You only need to be number one, and however much you spend, you can’t rank higher than that. So can you slacken off your ad spend a bit without hurting your sales?
You might be able to. There’s certainly one school of thought that says if you’re number one organically, then your ad spend is actually paying for sales you’d get anyway, ‘cannibalizing’ your sales.
The trouble is that there’s no good rule of thumb you can use in this situation. A lot of FBA sellers just decide to cut an arbitrary amount. If they’re spending $100 a week they just cut it to $50. Then if their sales tank, they go back to $100.
That’s a pretty rough and ready way of doing things. Let’s try to make a slightly more nuanced process. Instead of reducing your spend globally, look at reducing your ACOS (advertising cost of sales), that is the percentage of sales you spend on advertising, for that product.
So instead of just saying “spend half as much,” you might look at reducing your ACOS by 10%. You’ll do that by reducing your bids for your advertising keywords by 10%, or even just 5%. If you assume that conversion rates remain the same, you shouldn’t lose traction.
However, you’ll want a solid monitoring process and the data to support it.

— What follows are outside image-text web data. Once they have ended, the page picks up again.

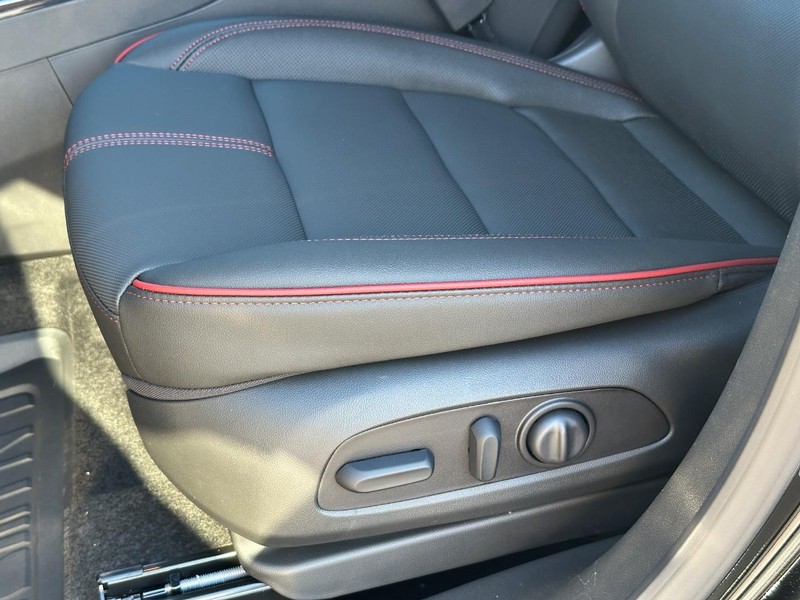 Chevrolet TrailBlazer Vehicle Full-screen Gallery Image 18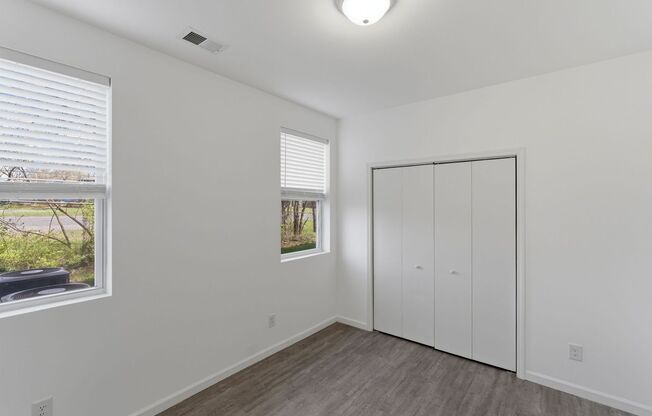 2 beds, 1.5 baths, 850 sqft, $1,299, Unit C3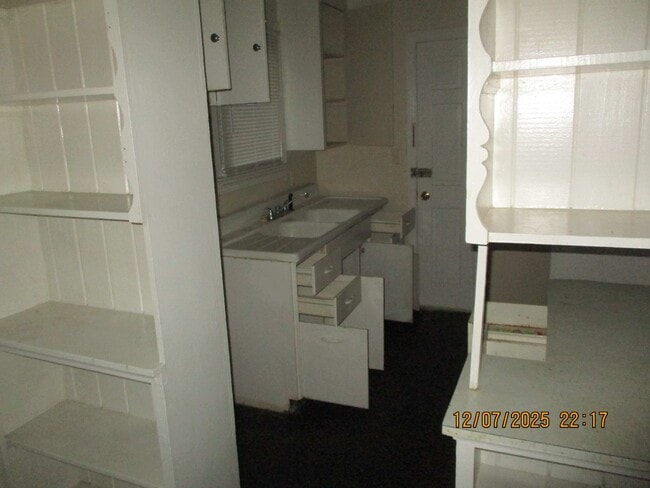 Building Photo - 1415 N Davis St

Use the Search Query Performance Dashboard, which should give you all the data you need, and note the figures for both search rank and conversions (in Brand Analytics) immediately before you lower your bids. Keep assessing progress each week. If your ranking and sales are stable, you might try to cut your bids further.
At some point, you’ll see clicks and conversions performance start to falter. That’s the time to stop, and maybe restore your bids to the level just before the last cut.

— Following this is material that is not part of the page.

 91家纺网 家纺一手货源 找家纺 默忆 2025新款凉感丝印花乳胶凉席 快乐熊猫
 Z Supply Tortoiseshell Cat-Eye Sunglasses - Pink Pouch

As with most changes in advertising, you’ll get far more out of it if you apply your savings to increasing spend on products that need it. You can migrate your spend to products that are down at the bottom of the first page of search results, for instance, to see if you can push them up into the top three.
It’s important that you don’t just look at search rank or clicks, look at your conversions. Conversion performance doesn’t always follow ranking; sometimes the third ranked product has better conversions, and it’s the conversions that make you the money.
You can also think about seasonally adjusting your ad spend. That might reflect the general Amazon sales year, with advertising before Prime Day, Black Friday, and the holiday season needing to be pushed up a bit. It might also reflect seasonality for your particular products; if you sell swim suits, Hawaiian shirts and flip-flops, advertising needs to ramp up towards the end of spring, as buyers start thinking about summer holidays.
There’s even seasonality in kitchen equipment; salad bowls in summer, stock pots in winter, and champagne glasses during the holiday season.
Finally, don’t forget that ads are not the only way to attract buyers. Social media feeds, your own website, and good content on your product pages can all be added to the mix. Again, if you’re cutting ad spend, rather than just take the profit, consider investing in these areas to maximize your reach. The only time to stop all investment in a product is when it’s completely obsolete; let’s hope none of your products have got to that stage yet!